Dem Schengen-Abkommen von 1985 gehören 26 Länder mit 400 Millionen Menschen an. Neben 22 EU-Staaten gehören auch Norwegen, Island, die Schweiz und Liechtenstein dazu. Schengen steht für grenzenloses Reisen in Europa.
Österreich zieht nach
Auch Österreichs Innenministerin Johanna Mikl-Leitner kündigte gestern temporäre Grenzkontrollen an, beginnend an der Grenze zu Ungarn. Die Slowakei kontrolliert an den Grenzen nach Ungarn und nach Österreich, die Niederlande planen verschärfte Grenzkontrollen. Tschechiens Behörden schickten 200 Polizisten an die Grenze zu Österreich. Auch an der deutsch-tschechischen Grenze soll es vorübergehend Kontrollen geben.
Noch letzte Woche fuhren Zehntausende Flüchtlinge in Zügen von Budapest nach München. De Maizière stoppte den Zugverkehr, 950 Menschen schliefen in der Tiefgarage des Salzburger Hauptbahnhofs.

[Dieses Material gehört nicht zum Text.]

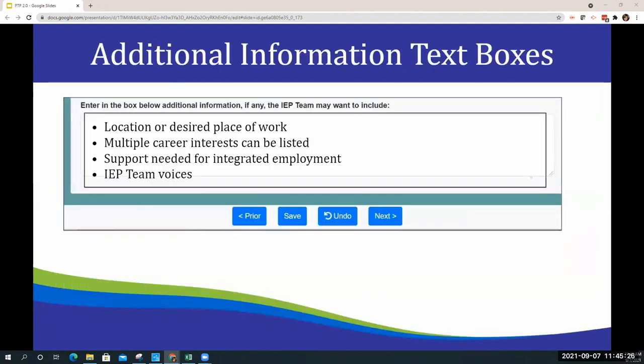The additional information text boxes have an updated look but function the same. Just an FYI, the navigation buttons at the bottom of the screen include Prior, Save, Undo, and Next. These are more user-friendly as you navigate through the PTP application.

Montag früh dann die Nachricht: Es fahren wieder Züge.
Kurz nach halb elf Uhr stoppt der erste IC aus Österreich in Freilassing. Acht bis zehn Züge pro Stunde halten zu Stoßzeiten im kleinen Grenzort bei Salzburg, jetzt endet hier die Balkanroute.
Ali Achmid flüchtete vor zwei Wochen aus dem Irak nach Istanbul, von dort im Boot nach Griechenland und weiter mit Bussen und Zügen bis hierher. Im Irak arbeitete er als Ingenieur in der Ölindustrie, jetzt will der 26-Jährige Deutsch lernen und Arbeit finden.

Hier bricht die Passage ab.